If it makes you feel better, my 30th was a massive car crash (I am 37 now). Dp didn't organise a thing. We both booked the day of work and got ready to 'go out'. I assumed we were of for lunch etc......well fuck knows what Dp thought we were getting ready for. I came downstairs to find him eating a bowl of soup and dipping a couple of slices of bread , I was a little confused and when I questioned it he said he didn't realise we were eating out twat

Anyway, he noticed as he shovelled the last mouthful of bread in his mouth that the underside was green with mould, he promptly started heaving, stood up and was sick at my feet, it splashed all up my outfit.

Also, I now only a couple of friends due to whittling out those who couldn't give a crap about me. Been there OP with mates expecting a fanfare on their birthday, yet mine warranted only a FB message!

Chunkers · 19/06/2019 18:26

🎶 Happy Birthday to ya 🎶 Happy Birthday 🎶... etc. Get a bit drunk, order lots of stuff online and have lots of lovely surprises arriving during the next few days. Spoil yourself 🥳 🎂 🎁

BumandChips · 19/06/2019 18:27

I really don’t understand not saying anything. You don’t have to be angry, being disappointed in someone is so much worse. Let him know how hurt you are. Let your friends know.

Ironmansmyhero · 19/06/2019 18:27

Thats awful!
I'd be devastated if my partner (dont have one 🤣) didn't ring in the morning from work to wish me happy or even send a text.
It's your 30th too Sad
Massive Happy Birthday OP Flowers
Organise a night with a friend that has wished you happy birthday soon

Oh and make him buy his own dam present next year too!

TokyoSushi · 19/06/2019 18:27

Oh OP, that's rubbish, I really hope that there's a surprise Flowers

saraclara · 19/06/2019 18:29

Yes - Who organised the events for your friends' birthdays? Were they surprises, or did they arrange them themselves? Did any of them ask what you were planning at any point in the last couple of months?

Your husband of course, sucks. Unless he really has got a surprise planned and it didn't occur to him that you would need time to get ready.

MyGastIsFlabbered · 19/06/2019 18:29

Oh OP that's rubbish of him.
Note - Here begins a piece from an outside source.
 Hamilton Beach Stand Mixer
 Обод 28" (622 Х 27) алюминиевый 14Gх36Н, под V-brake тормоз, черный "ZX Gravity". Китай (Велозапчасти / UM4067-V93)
Happy birthdayCakeGlitterballGin

clucky3 · 19/06/2019 18:29

I really hope this is all an act and there's a big surprise in the offing. Is it unusual for your friends not to have contacted you on your birthday?

Happy birthday from me anyway 🎂

Delatron · 19/06/2019 18:30

Well it is really shit of him to forget but why didn’t you just say something this morning so you could have had a nice birthday? You could have had lunch together or he could have finished early. Now it’s nearly ruined (unless it is a surprise party).

I would have been mentioning it for the last few days rather than passively waiting to see if he forgot or not (sorry).

bigtoes · 19/06/2019 18:30

Happy birthday OP WineThanksCake

YouDancin · 19/06/2019 18:31

You sure he's not got a surprise party lined up?
I always think the people who have these must think everyone has forgotten them as they are all trying not to spill the beans until the evening. But the birthday person could end up feeling totally forgotten and resentful until the reveal.

Fluffymullet · 19/06/2019 18:31

My money is on a late surprise, especially if parents and friends have not asked what you are doing....

YouDancin · 19/06/2019 18:32

Shite - I could try RTFT couldn't I. But I still hope it is this.

SmallPinkBear · 19/06/2019 18:33

FlowersCake
Happy Birthday OP. I agree with a pp, do some online shopping and treat yourself. Why don’t you get a takeaway (for yourself only) and put on your favourite film and try to forget about everyone else

mummymeister · 19/06/2019 18:33

Delatron - really? she gave him a birthday list. she then bought her own present and you still think it was her responsibility to remind him? what is he 5 years old and cant read a bloody calendar or set a reminder on his phone.

Disfordarkchocolate · 19/06/2019 18:33

Even if he turns up at 8 with a strong quartet and a personal chef it's not going to take away 12 crappy hours.